Red Hat announced the launch of llm-d, a new open source project that answers the most crucial need of generative AI's (gen AI) future: Inference at scale. Tapping breakthrough inference technologies for gen AI at scale, llm-d is powered by a native Kubernetes architecture, vLLM-based distributed inference and intelligent AI-aware network routing, empowering robust, large language model inference clouds to meet the most demanding production service-level objectives. While training remains vital, the true impact of gen AI hinges on more efficient and scalable inference - the engine that transforms AI models into actionable insights and user experiences.
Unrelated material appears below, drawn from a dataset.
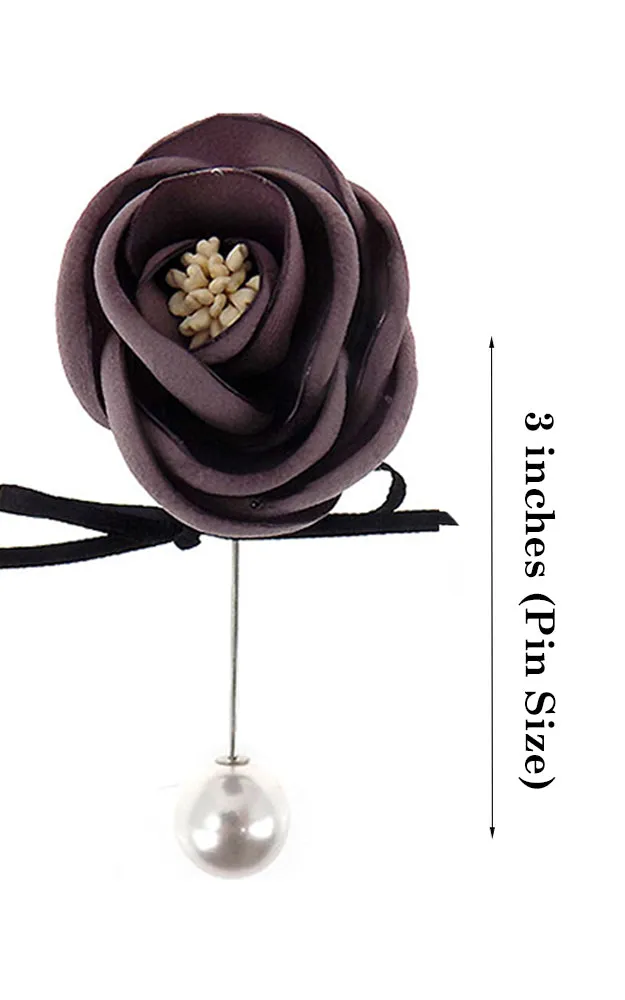 TD0152 Flower Corsage with Pearl Pin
KV (key-value) Cache Offloading, based on LMCache, shifts the memory burden of the KV cache from GPU memory to more cost-efficient and abundant standard storage, like CPU memory or network storage. Kubernetes-powered clusters and controllers for more efficient scheduling of compute and storage resources as workload demands fluctuate, while maintaining performance and lower latency. AI-Aware Network Routing for scheduling incoming requests to the servers and accelerators that are most likely to have hot caches of past inference calculations.
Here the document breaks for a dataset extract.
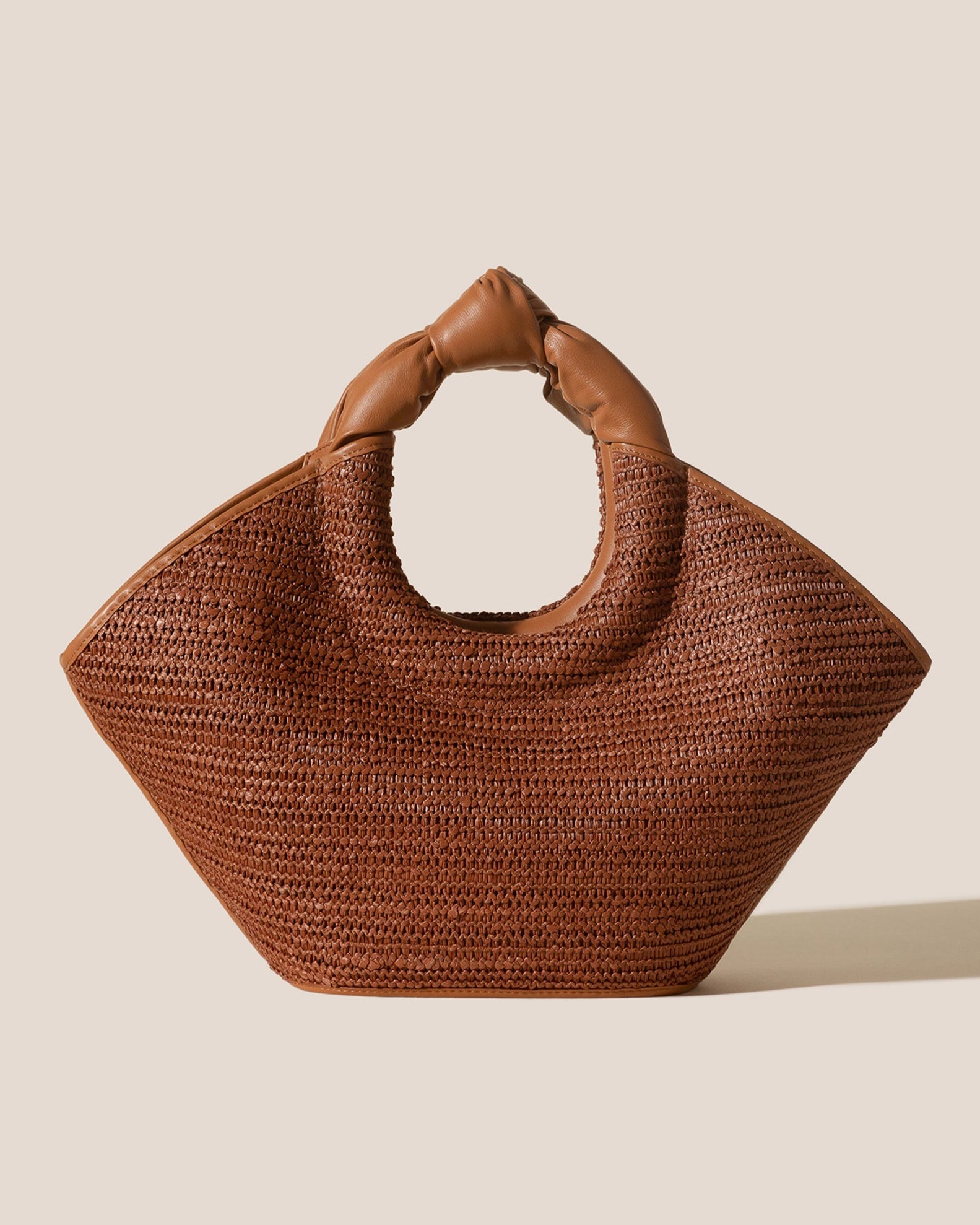 CASTELL RAFFIA - Knotted-handle Tote Bag - Hereu outlet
High-performance communication APIs for faster and more efficient data transfer between servers, with support for NVIDIA Inference Xfer Library. This new open source project has already garnered the support of a formidable coalition of leading gen AI model providers, AI accelerator pioneers, and premier AI cloud platforms. CoreWeave, Google Cloud, IBM Research and NVIDIA are founding contributors, with AMD, Cisco, Hugging Face, Intel, Lambda and Mistral AI as partners, underscoring the industry's deep collaboration to architect the future of large-scale LLM serving. The llm-d community is further joined by founding supporters at the Sky Computing Lab at the University of California, originators of vLLM, and the LMCache Lab at the University of Chicago, originators of LMCache.